Part of DeRu’s allure is McCall’s gift for restoring old paintings. In fact, it’s his superpower. He shows us a majestic painting of the Grand Canyon made in 1904 that he found during an antiquing excursion; it was dirty, varnished, ripped and in grim condition. “I always felt I had a little advantage over the average art collector because I can look at a dirty painting and know what I could do to it to bring it back to life.”

The painting of the Grand Canyon looks like it has age, but you’d never guess it was thrashed at one point. McCall’s drive to save pieces of our history from being thrown out will live on even after DeRu’s closes in the next couple of months. He’s going to do all the art restoration for the Irvine Museum that’s currently on Von Karman. Soon, however, that museum will be taken over and moved to UC Irvine, where they’re going to build an art museum, research and restoration center, according to McCall.

“I have a lot of art reference books that I’ve collected over the years,” says McCall. “I’m going to give some to the museum and sell them some, and help them put together an art research library. You can go online and find out a lot about known artists of the past but the books still have hidden information you can still only get in books, and find out more details about the artist. That’s what research is.”

Books are another aspect of DeRu’s that adds a certain air of comfort to the gallery. They line nearly every flat surface in the Laguna and Bellflower galleries. McCall shows us a book of Payne’s work, and reveals he was friends with the Payne family.

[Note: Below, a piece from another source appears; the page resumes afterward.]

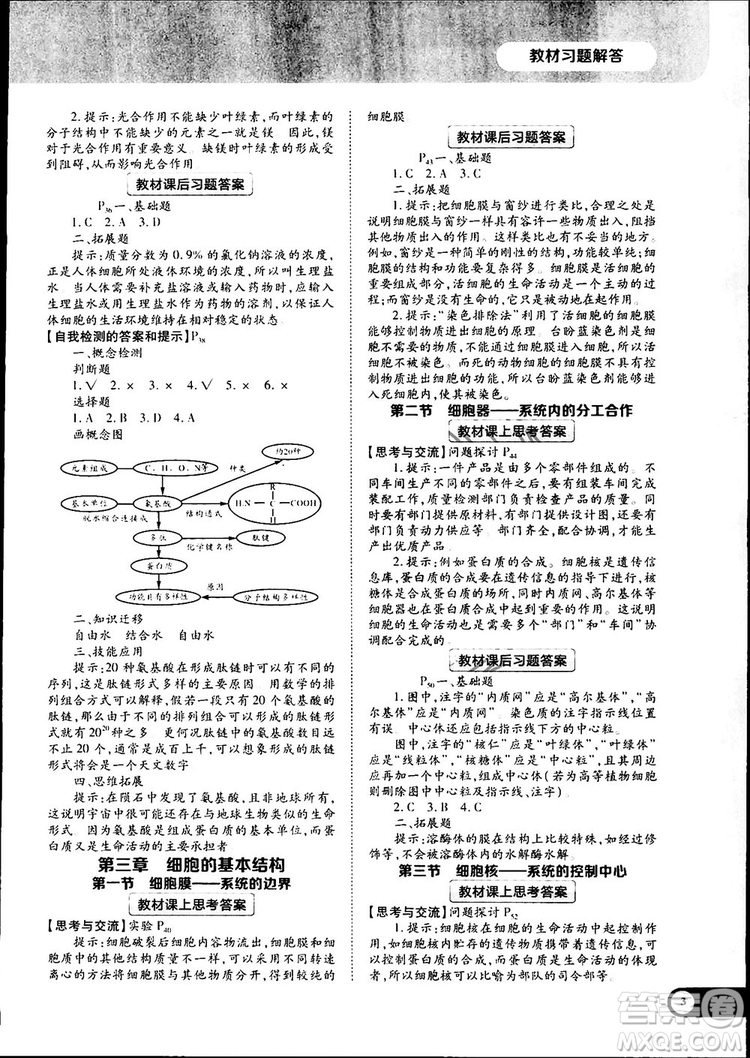 人教版2019最新王后雄學(xué)案教材完全解讀高中生物必修1參考答案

When Payne’s daughter, Evelyn Payne Hatcher, died at 93 years old, she left McCall the rights to the book, and has helped keep the Payne’s art legacy alive; the book’s currently in its seventh printing.

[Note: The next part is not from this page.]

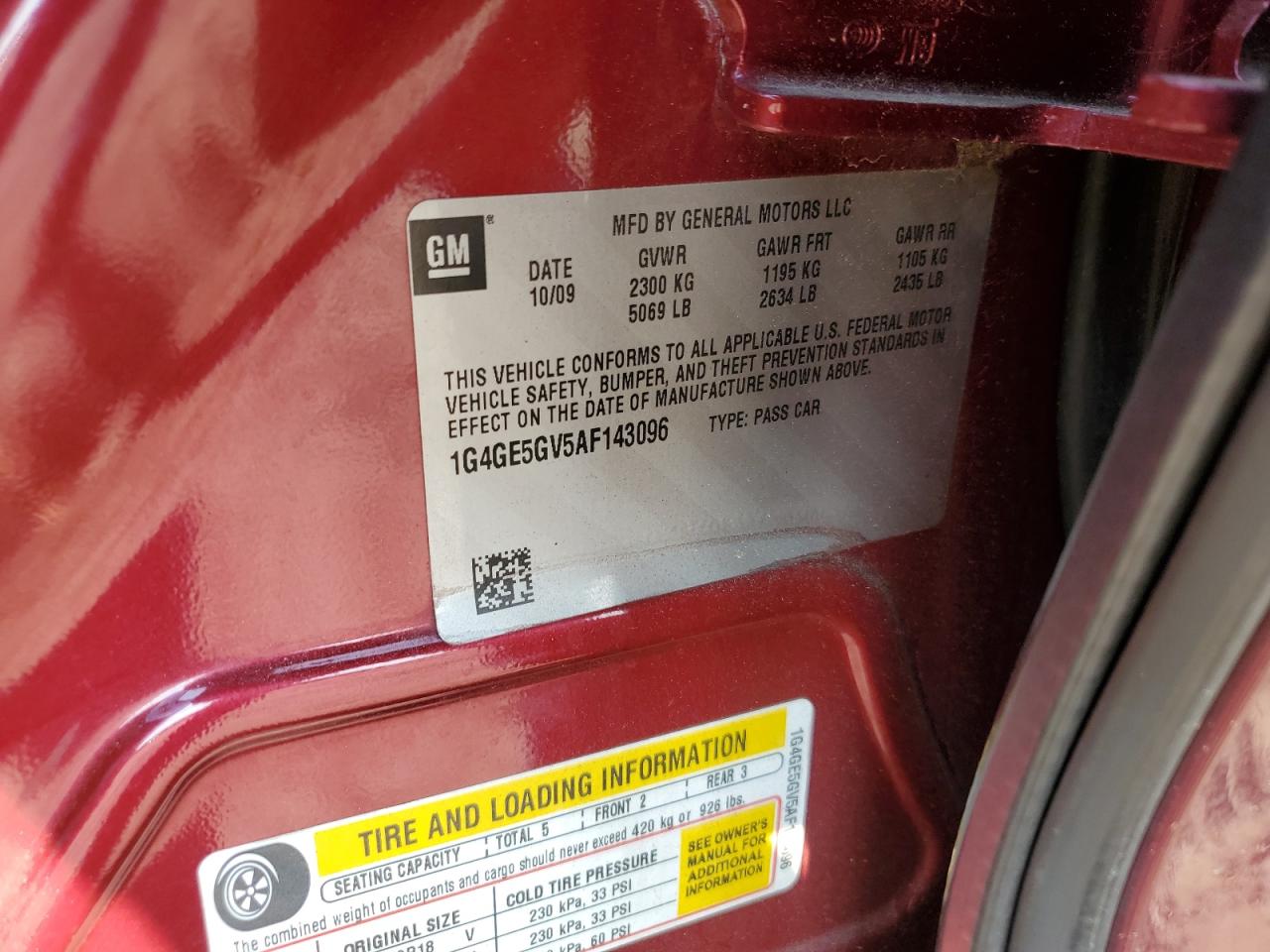 2010 Buick Lacrosse Cxs VIN: 1G4GE5GV5AF143096 Lot: 71159185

McCall tells of a couple, Rena and Ed Coen from Minneapolis, who were friends with the Payne family. Rena and Ed gave birth to Joel Coen and Ethan Coen, better known as the Coen Brothers, the brilliant brother filmmakers of our time. “Rena worked with Evelyn,” says McCall. “They were college professors and close friends. Ed Coen was from England. I can see where the two brothers got their ability for producing movies. Both parents were college professors and writers. They were very smart—and funny, too.”

Although DeRu’s in Laguna is closing—and selling everything from books to furniture to original paintings for 25 percent off—the location in Bellflower will be open until all the art and books are sold. After that, you’ll be able to find McCall’s extraordinary collection in the Irvine Museum and the homes of the clientele he’s built up over the past 50 years.

“Paintings don’t just offer monetary value,” says McCall. “I’ve had clients tell me that at the end of the day they look at their landscape paintings and feel relaxed; like they’ve escaped all of the bad things of the world. There’s great value in feeling—sometimes more than what the value of the art is.”

One Reply to “A Sanctuary of Old California Art Closes After 20 Years”

  1. I have been researching and came to find that De was the taxidermist for my father’s beautiful moose mount, done in Compton in the mid 1960s. I still have posession of this amazing piece of art.